**Task goal:** Below is a listing from which only part is wanted; return exactly the lines from the one with "Logo-Design von SpringDesigns" up to and including the one with "Puzzle Progresivo Safari".

**Input data:**
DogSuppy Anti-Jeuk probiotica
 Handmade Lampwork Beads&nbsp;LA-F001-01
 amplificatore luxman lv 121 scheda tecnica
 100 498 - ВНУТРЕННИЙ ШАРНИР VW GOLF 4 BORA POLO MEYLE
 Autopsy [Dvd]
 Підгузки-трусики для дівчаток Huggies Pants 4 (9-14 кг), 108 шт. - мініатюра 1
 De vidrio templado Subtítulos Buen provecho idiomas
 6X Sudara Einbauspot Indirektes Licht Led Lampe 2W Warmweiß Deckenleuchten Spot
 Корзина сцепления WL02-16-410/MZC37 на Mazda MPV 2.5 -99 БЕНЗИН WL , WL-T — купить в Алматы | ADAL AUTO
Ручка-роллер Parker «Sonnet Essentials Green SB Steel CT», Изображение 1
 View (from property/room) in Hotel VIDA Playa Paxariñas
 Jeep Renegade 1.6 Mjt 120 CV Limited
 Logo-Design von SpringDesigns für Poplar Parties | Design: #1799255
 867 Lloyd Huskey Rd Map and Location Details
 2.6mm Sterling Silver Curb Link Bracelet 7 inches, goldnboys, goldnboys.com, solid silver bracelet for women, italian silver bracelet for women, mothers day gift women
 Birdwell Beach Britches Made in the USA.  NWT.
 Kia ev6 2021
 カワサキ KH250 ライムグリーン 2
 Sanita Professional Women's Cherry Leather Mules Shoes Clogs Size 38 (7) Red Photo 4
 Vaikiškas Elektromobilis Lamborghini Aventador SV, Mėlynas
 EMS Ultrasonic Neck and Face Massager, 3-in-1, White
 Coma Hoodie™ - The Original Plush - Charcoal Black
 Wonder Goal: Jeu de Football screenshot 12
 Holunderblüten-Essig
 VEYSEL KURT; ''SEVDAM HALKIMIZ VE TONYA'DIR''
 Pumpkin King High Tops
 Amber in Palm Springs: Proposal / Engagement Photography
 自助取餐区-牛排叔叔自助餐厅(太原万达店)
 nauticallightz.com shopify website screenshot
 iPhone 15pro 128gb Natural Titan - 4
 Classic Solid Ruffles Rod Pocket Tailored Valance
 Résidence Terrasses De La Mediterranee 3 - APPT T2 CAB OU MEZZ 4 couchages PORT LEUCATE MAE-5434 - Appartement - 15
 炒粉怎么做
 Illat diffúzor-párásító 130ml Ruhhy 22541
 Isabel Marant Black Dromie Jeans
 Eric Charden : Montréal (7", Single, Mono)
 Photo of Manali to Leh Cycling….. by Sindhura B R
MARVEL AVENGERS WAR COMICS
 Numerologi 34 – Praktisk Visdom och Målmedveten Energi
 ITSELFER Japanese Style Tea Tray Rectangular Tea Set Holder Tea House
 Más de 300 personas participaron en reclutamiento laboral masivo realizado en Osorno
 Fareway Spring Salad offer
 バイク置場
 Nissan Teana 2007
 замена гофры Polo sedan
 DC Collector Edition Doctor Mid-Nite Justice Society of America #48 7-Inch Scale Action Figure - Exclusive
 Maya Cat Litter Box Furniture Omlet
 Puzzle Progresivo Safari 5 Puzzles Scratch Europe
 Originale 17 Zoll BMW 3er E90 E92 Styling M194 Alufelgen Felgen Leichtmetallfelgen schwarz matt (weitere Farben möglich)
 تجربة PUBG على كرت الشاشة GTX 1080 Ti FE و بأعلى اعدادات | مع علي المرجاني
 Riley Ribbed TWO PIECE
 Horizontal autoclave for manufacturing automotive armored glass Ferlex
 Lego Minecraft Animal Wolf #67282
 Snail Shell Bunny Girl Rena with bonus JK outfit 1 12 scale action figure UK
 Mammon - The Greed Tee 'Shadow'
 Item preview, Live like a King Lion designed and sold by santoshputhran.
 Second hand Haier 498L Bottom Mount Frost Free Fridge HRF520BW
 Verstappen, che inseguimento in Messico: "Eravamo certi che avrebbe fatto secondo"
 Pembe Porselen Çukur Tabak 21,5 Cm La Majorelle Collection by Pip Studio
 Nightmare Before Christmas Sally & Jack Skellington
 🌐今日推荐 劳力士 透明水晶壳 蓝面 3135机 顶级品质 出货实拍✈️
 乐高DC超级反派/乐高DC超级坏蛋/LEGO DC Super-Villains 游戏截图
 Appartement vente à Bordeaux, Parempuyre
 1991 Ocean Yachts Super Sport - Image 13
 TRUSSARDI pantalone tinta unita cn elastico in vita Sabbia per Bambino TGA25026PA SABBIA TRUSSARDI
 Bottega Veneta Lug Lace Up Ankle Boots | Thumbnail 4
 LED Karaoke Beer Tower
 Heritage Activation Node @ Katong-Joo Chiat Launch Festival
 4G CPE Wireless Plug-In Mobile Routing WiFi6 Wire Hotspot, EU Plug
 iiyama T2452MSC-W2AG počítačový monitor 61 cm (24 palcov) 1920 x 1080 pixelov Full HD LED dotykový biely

**Task response:**
 Logo-Design von SpringDesigns für Poplar Parties | Design: #1799255
 867 Lloyd Huskey Rd Map and Location Details
 2.6mm Sterling Silver Curb Link Bracelet 7 inches, goldnboys, goldnboys.com, solid silver bracelet for women, italian silver bracelet for women, mothers day gift women
 Birdwell Beach Britches Made in the USA.  NWT.
 Kia ev6 2021
 カワサキ KH250 ライムグリーン 2
 Sanita Professional Women's Cherry Leather Mules Shoes Clogs Size 38 (7) Red Photo 4
 Vaikiškas Elektromobilis Lamborghini Aventador SV, Mėlynas
 EMS Ultrasonic Neck and Face Massager, 3-in-1, White
 Coma Hoodie™ - The Original Plush - Charcoal Black
 Wonder Goal: Jeu de Football screenshot 12
 Holunderblüten-Essig
 VEYSEL KURT; ''SEVDAM HALKIMIZ VE TONYA'DIR''
 Pumpkin King High Tops
 Amber in Palm Springs: Proposal / Engagement Photography
 自助取餐区-牛排叔叔自助餐厅(太原万达店)
 nauticallightz.com shopify website screenshot
 iPhone 15pro 128gb Natural Titan - 4
 Classic Solid Ruffles Rod Pocket Tailored Valance
 Résidence Terrasses De La Mediterranee 3 - APPT T2 CAB OU MEZZ 4 couchages PORT LEUCATE MAE-5434 - Appartement - 15
 炒粉怎么做
 Illat diffúzor-párásító 130ml Ruhhy 22541
 Isabel Marant Black Dromie Jeans
 Eric Charden : Montréal (7", Single, Mono)
 Photo of Manali to Leh Cycling….. by Sindhura B R
MARVEL AVENGERS WAR COMICS
 Numerologi 34 – Praktisk Visdom och Målmedveten Energi
 ITSELFER Japanese Style Tea Tray Rectangular Tea Set Holder Tea House
 Más de 300 personas participaron en reclutamiento laboral masivo realizado en Osorno
 Fareway Spring Salad offer
 バイク置場
 Nissan Teana 2007
 замена гофры Polo sedan
 DC Collector Edition Doctor Mid-Nite Justice Society of America #48 7-Inch Scale Action Figure - Exclusive
 Maya Cat Litter Box Furniture Omlet
 Puzzle Progresivo Safari 5 Puzzles Scratch Europe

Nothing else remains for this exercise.